Antique sword hilts widely vary in material, design, and construction. While Japanese swords have wooden grips, the Persian shamshir sometimes feature an ivory grip. However, re-hilting was a common practice in many cultures. Generally, old blades were treasured, but hilts were fashioned to suit the owner’s taste or the latest designs of the day.

Sword Guard

The sword guard protects the wielder’s hands with its form and design varying in different swords. Japanese sword collectors often focus on the tsuba or sword guard as many artisans created elaborate designs using precious metals and colored stones. By the mid-16th century, broadswords with basket hilts were widely used throughout Europe and developed into distinct regional styles. Rapiers also vary from swept-hilted to cup-hilted guards.

Scabbard

Scabbards are often damaged while protecting the blades and are often replaced. Antique Japanese swords may come in a shirasaya (plain, wooden scabbard) or a koshirae (decorative sword mounting) with a lacquered scabbard and other components.

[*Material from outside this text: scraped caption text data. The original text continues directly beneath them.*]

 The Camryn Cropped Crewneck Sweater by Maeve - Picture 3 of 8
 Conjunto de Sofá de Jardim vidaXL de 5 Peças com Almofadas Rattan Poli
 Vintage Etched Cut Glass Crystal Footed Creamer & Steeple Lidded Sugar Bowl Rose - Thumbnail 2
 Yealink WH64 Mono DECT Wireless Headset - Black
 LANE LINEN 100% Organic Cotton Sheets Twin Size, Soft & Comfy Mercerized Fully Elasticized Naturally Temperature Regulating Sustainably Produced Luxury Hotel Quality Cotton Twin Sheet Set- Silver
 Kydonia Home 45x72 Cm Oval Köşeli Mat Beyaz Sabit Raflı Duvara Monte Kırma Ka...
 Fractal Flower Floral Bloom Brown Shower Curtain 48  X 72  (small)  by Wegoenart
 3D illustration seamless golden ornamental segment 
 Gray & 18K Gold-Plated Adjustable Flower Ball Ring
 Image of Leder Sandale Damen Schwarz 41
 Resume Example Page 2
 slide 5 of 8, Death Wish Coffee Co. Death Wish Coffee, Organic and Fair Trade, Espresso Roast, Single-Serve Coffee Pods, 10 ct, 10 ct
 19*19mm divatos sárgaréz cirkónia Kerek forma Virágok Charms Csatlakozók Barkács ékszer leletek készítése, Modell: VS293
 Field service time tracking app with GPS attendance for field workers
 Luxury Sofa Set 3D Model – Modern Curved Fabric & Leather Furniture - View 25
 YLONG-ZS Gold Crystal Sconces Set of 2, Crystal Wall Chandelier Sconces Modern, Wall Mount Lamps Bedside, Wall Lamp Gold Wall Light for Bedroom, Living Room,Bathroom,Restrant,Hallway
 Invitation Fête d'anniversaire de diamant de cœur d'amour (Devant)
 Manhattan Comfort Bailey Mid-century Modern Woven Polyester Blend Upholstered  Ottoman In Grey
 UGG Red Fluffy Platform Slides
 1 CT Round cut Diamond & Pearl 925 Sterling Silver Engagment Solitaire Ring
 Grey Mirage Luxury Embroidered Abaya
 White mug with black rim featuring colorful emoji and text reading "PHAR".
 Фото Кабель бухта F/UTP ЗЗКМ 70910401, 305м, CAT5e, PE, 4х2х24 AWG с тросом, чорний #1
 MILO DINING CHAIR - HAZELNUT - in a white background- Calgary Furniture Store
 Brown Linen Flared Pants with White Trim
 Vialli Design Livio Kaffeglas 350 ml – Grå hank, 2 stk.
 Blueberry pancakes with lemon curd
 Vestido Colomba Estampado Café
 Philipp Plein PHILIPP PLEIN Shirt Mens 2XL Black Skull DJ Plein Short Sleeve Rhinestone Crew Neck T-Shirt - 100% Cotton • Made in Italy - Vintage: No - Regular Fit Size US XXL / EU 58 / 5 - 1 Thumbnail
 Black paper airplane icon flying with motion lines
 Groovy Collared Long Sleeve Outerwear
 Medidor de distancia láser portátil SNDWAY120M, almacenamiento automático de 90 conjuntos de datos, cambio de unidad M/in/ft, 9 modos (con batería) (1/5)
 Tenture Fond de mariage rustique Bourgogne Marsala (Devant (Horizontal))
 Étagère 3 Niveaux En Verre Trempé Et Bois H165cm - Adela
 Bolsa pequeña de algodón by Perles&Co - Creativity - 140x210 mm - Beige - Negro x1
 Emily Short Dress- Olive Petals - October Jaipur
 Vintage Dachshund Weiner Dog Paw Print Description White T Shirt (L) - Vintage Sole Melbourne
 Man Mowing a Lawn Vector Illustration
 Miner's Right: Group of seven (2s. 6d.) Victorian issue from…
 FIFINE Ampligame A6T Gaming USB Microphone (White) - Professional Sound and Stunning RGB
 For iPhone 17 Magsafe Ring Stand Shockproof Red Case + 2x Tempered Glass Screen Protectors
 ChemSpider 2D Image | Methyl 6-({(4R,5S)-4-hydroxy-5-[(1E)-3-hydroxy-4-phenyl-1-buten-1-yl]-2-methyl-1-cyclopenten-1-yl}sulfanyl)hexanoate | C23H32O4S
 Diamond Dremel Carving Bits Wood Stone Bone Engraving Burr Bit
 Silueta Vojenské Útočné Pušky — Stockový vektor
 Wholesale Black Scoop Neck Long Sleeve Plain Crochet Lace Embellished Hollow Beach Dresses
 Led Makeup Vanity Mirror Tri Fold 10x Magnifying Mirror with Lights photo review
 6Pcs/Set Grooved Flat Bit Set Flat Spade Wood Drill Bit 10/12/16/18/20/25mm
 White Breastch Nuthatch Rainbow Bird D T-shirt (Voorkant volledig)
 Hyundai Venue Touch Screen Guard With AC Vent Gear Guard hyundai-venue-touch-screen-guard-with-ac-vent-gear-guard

Indian talwars also had wooden scabbards covered with leather or velvet and a metal chape that protects its end. Some Persian shamshirs also had highly decorative scabbards. On the other hand, many European and American cavalry swords had plain, wood-lined steel scabbards.

What Makes a Sword Antique?

According to various custom laws, an antique sword refers to those made at least 100 years ago, dating back to the 18th and 19th centuries or older. Some use the phrase military antiques to label their swords—though many of them may not qualify for the description. They might be old swords, but not as old as antiques and should be described as vintage swords.

Vintage swords are much younger, dating back to the early 20th century, usually from the 1930s to the 1960s, and so on. However, the antique and vintage scale changes as we move forward through the calendar. Antique swords in excellent condition are generally more valuable than vintage swords because of their history and age.

Still, the age of a sword does not directly correlate to its value. A vintage sword could also garner a higher value than a similar sword from an earlier period, especially if it comes from a reputable swordsmith or has a historical significance. The value of an antique sword could also depend on its type, quality, and origin.

How Much Is an Antique Sword Really Worth?

An antique sword in excellent condition is incredibly expensive, and it takes an expert to determine its value. Expert sword appraisers can help determine whether an antique blade is genuine or forged. The price may range from $300 to $6 million, depending on the sword type, condition of the piece, rarity, provenance, historical background, and the owner who once carried them.

For instance, the gold-encrusted sword Napoleon Bonaparte used at the Battle of Marengo in 1800 was sold for more than $6.4 million. It remains one of the most expensive antique swords sold on the market. Also, a 17th-century Indian talwar, believed to have belonged to Mughal emperor Shah Jahān, was sold for around $700,000.

Some collectors are interested in acquiring museum-quality masterpieces that once belonged to a well-known historical figure, while others opt for less expensive antique swords for their intrinsic beauty. Generally, collectors decide how much they want the piece and how much they are prepared to pay. Before investing in an antique sword, consider if it could retain or increase its value in the future.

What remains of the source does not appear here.